Your assignment => Omit the pictures, then reproduce exactly the line bearing "We start off" and every line after it up to and including the last line of the entries below.

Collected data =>

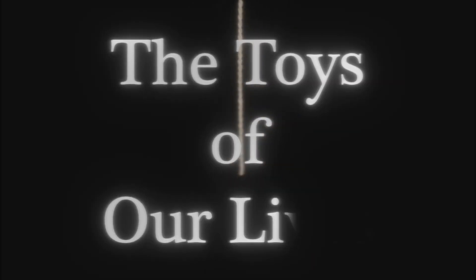Like string dangled from above, these two are the toys of our lives.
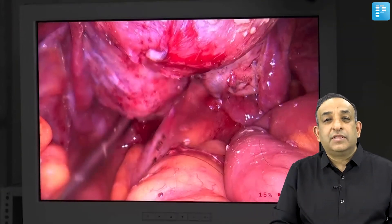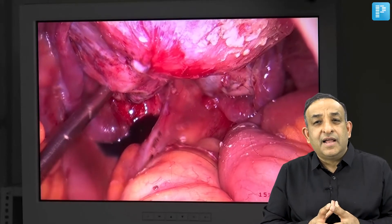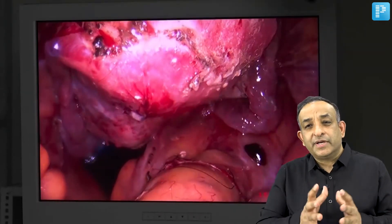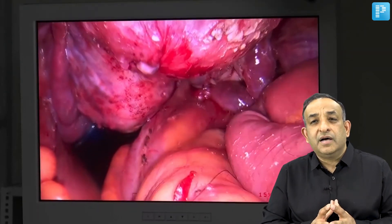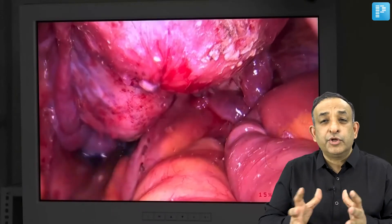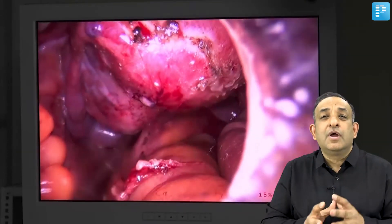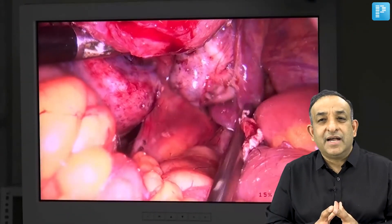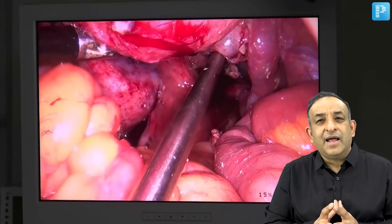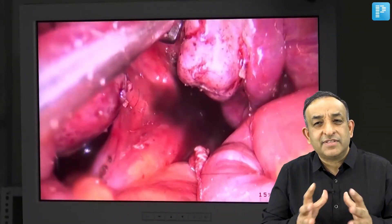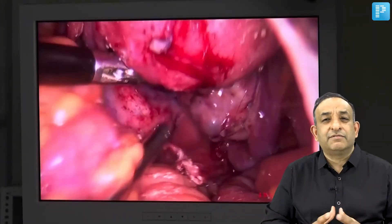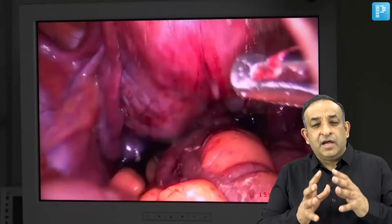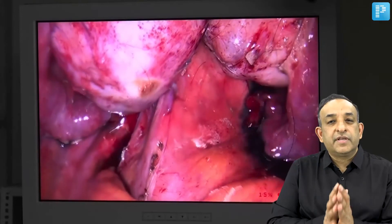The dermoid cyst was so badly stuck that it ruptured and I had to clear fat particles and hair from the uterus and bowel surface. Finally, the pelvis was freed of all adhesions. I then did chromotubation — methylene blue dye was injected — and we saw dye coming from the left tube first, then with additional pressure applied, dye appeared from the right tube as well. This was very reassuring given the severity of the adhesions.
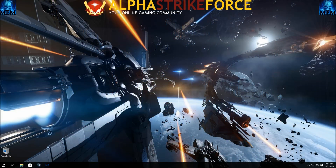Greetings! I'm checking in again from Alpha Strike Force, and today we're going to take a look at the Star Citizen Shipscale Viewer.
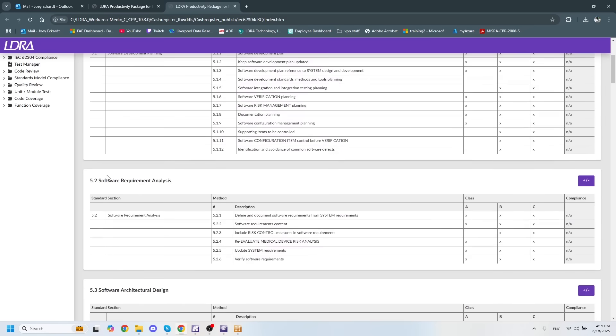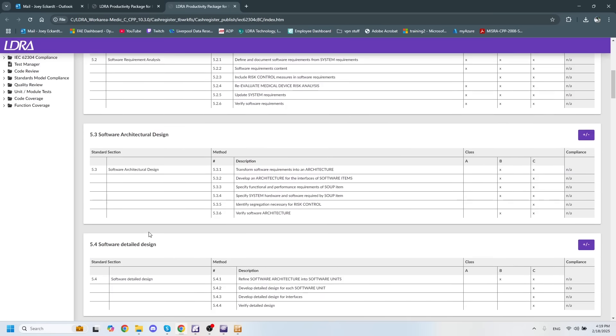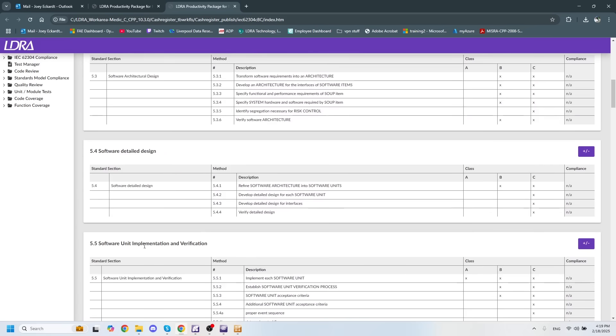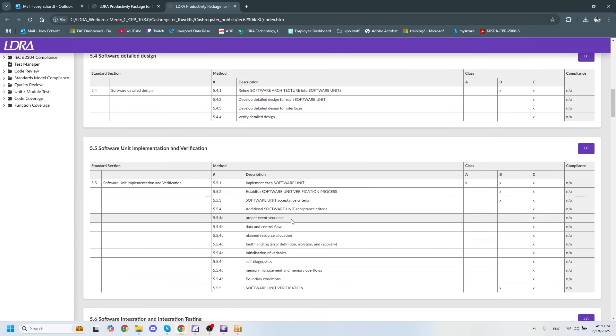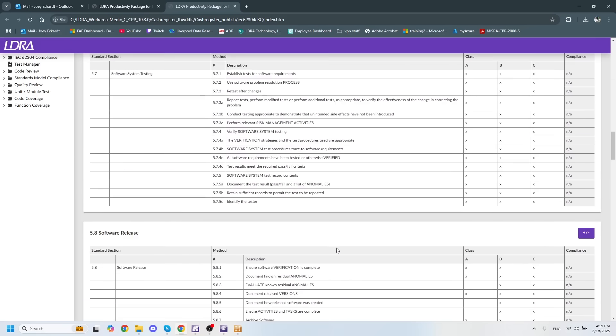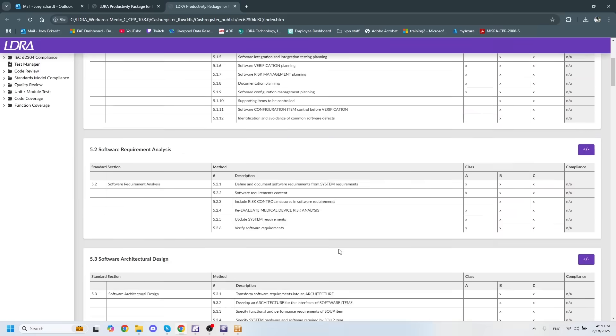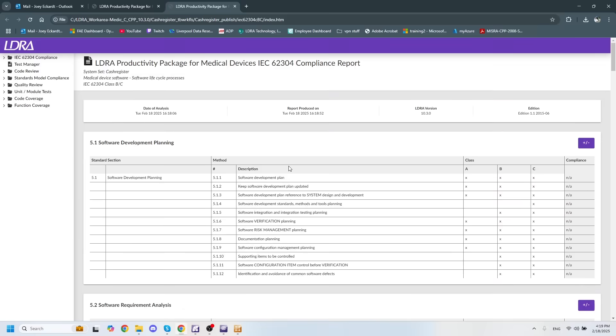And this goes into software requirement analysis, architectural design, detailed design, and various different other categories that will help us gain compliance with this standard.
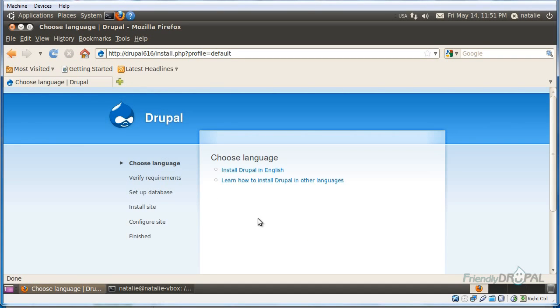All right, here it is. We can see the installation screen, but before proceeding with the installation, it's a good idea to create the MySQL user first. You can do this either in the command line or in the phpMyAdmin.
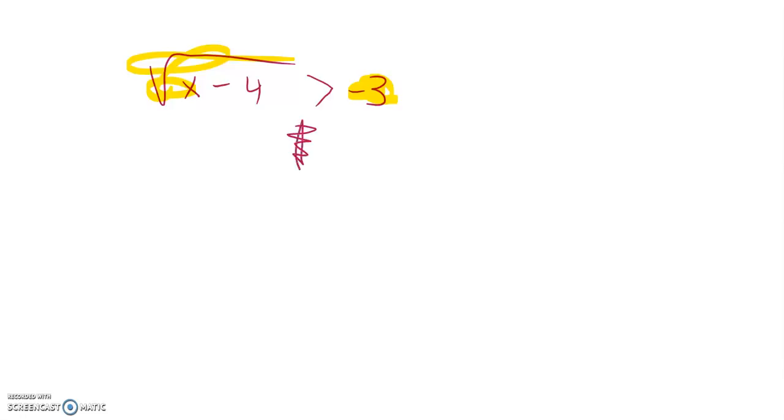Square root will always return a positive value. Positive numbers are greater than negative numbers. So it feels like anything works. As long as I could square root it and get a real answer it'll work.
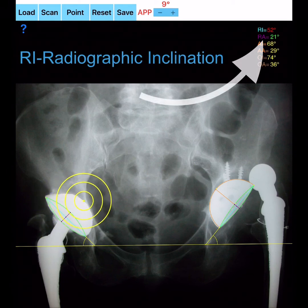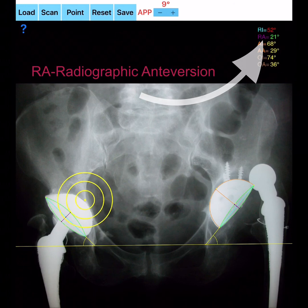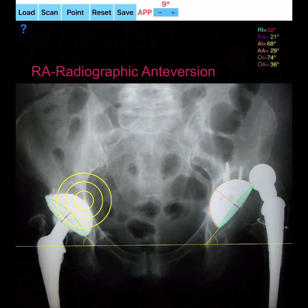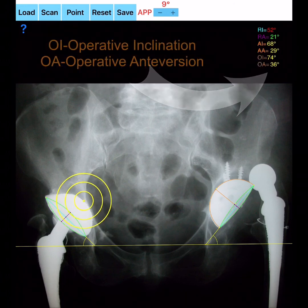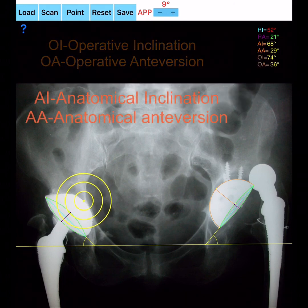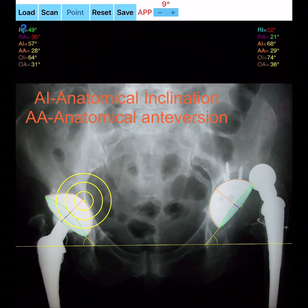Screen readings include: RI (radiographic inclination), RA (radiographic anteversion), OI (operative inclination), OA (operative anteversion), AI (anatomical inclination), and AA (anatomical anteversion).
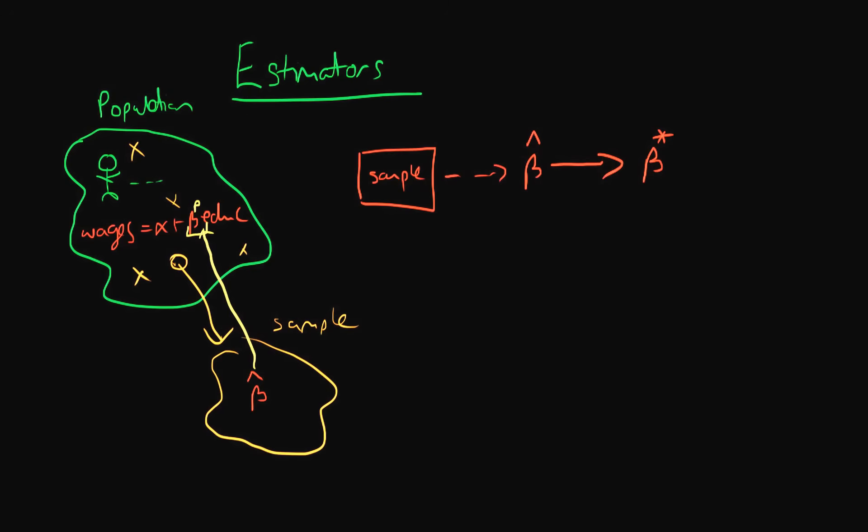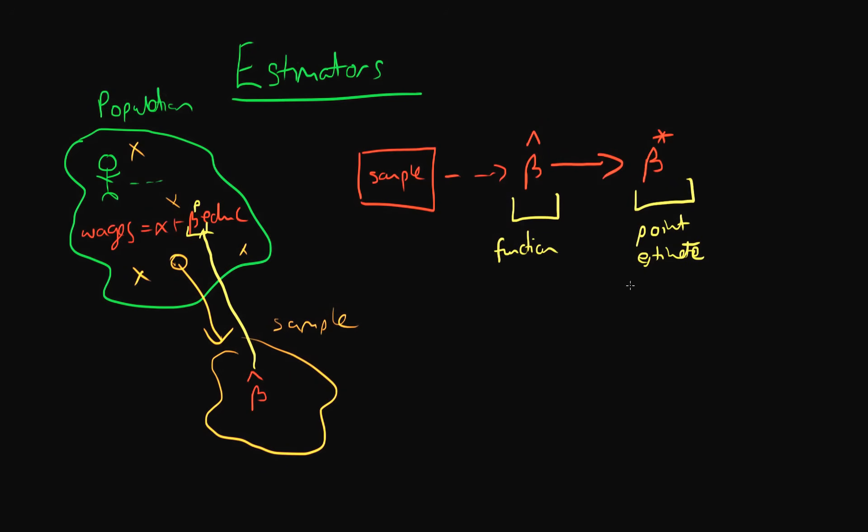So note that there is a difference between an estimator which is in general some sort of mathematical function and beta star which is just a point estimate of the population parameter. The former being a function, the latter just being some sort of value, perhaps fifty dollars.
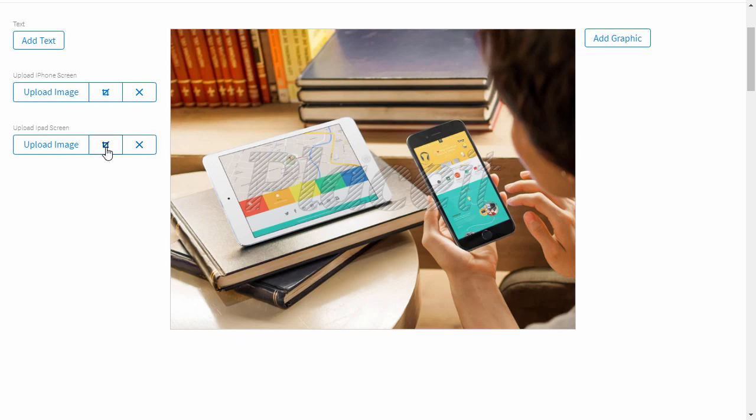After you've uploaded your screenshots, you can remove them or crop them again. You can also add some text or a graphic. Once you're done, just scroll up and click Download.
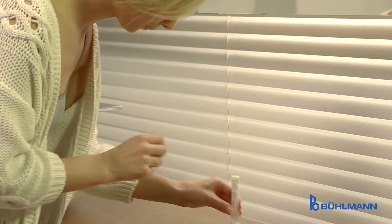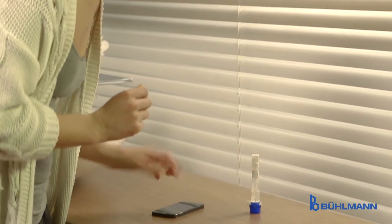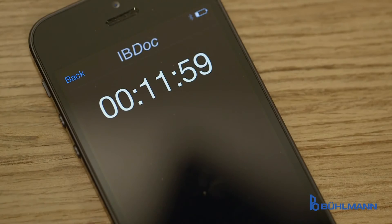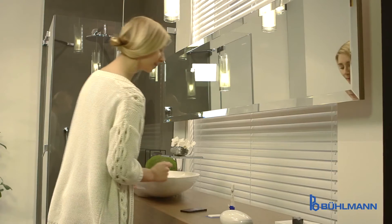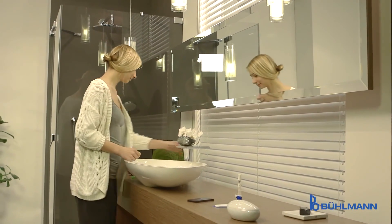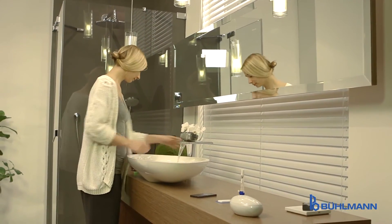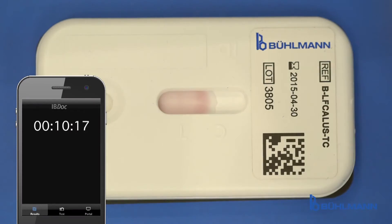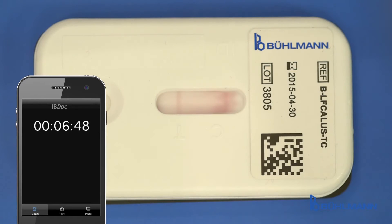The timer in the IBDoc app is activated — now the reaction runs. During the following 12 minutes, the patient is free to spend the time the way he wants until the beep of the app timer signals the end of the test run.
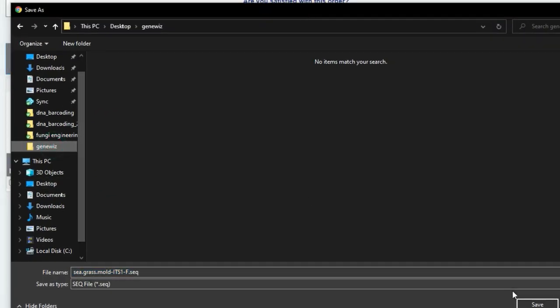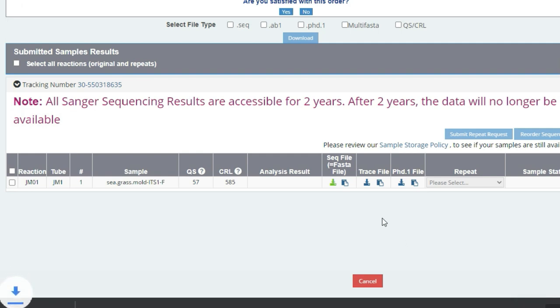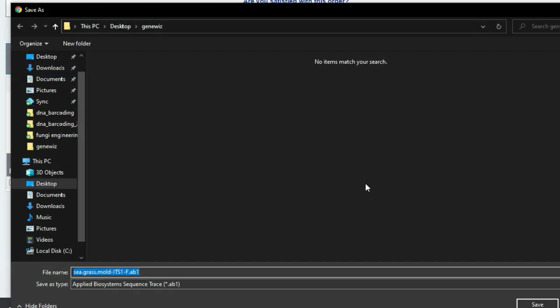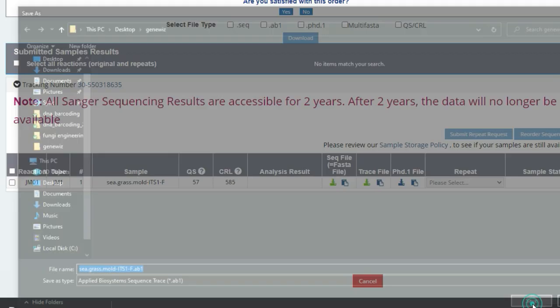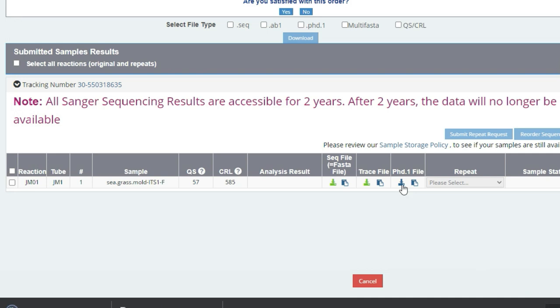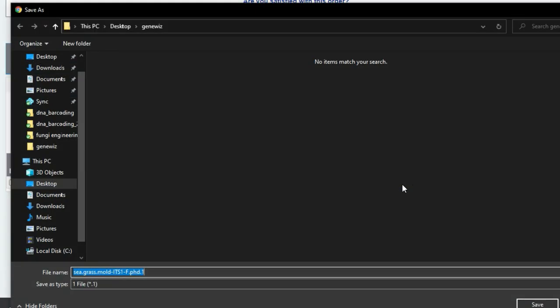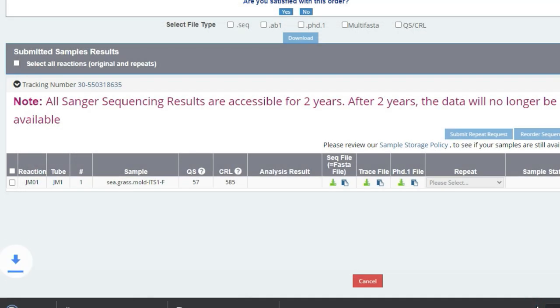We start off with the sequence file, the trace file, and then finally the fred file which we will download. And that takes us to the next segment which is analyzing the sequence results.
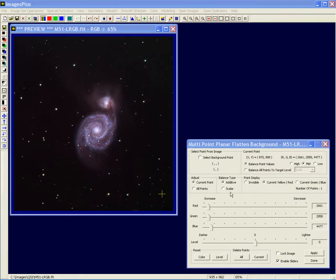If you want to scale, it sometimes works well, but additive generally works the best. You can choose either additive or scalar here, but the default is additive and that's probably what you want to use most of the time.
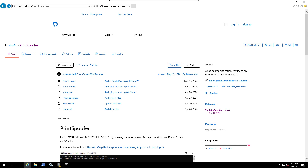For this privilege escalation we are going to be using PrintSpoofer, which is a relatively new way to spoof or get SYSTEM via SeImpersonate. If you don't know what SeImpersonate is, it is basically a privilege that lets you impersonate a user, and in this case we are going to try to impersonate the SYSTEM.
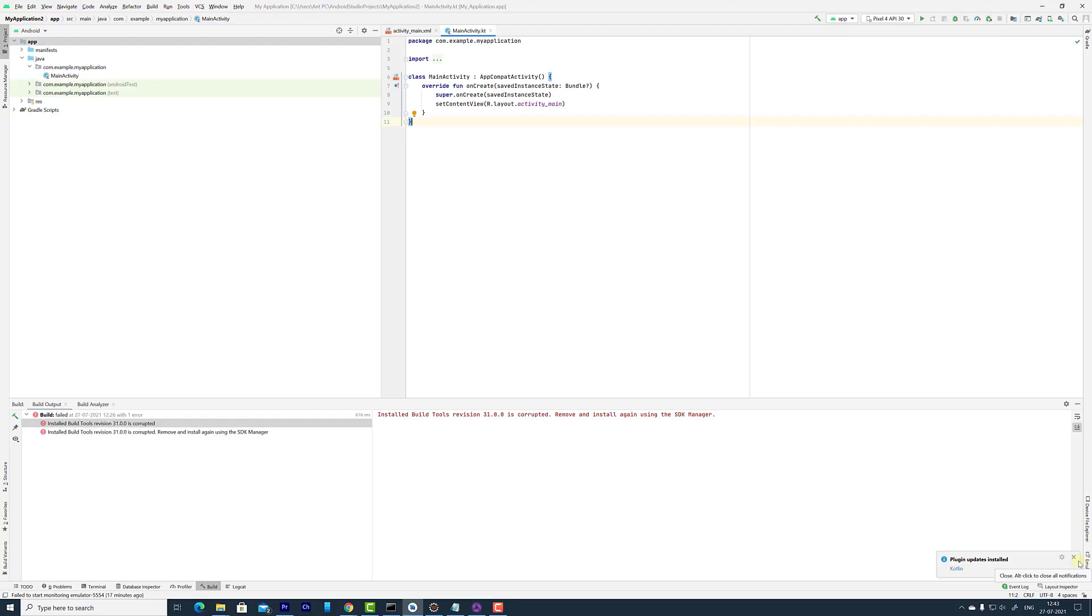Hello friends, in this video I'm going to explain how to uninstall SDK platform tools or SDK build tools in your Android Studio.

Answer box =>
We start off with the sequence file, the trace file, and then finally the fred file which we will download. And that takes us to the next segment which is analyzing the sequence results.
If you want to scale, it sometimes works well, but additive generally works the best. You can choose either additive or scalar here, but the default is additive and that's probably what you want to use most of the time.
For this privilege escalation we are going to be using PrintSpoofer, which is a relatively new way to spoof or get SYSTEM via SeImpersonate. If you don't know what SeImpersonate is, it is basically a privilege that lets you impersonate a user, and in this case we are going to try to impersonate the SYSTEM.
Hello friends, in this video I'm going to explain how to uninstall SDK platform tools or SDK build tools in your Android Studio.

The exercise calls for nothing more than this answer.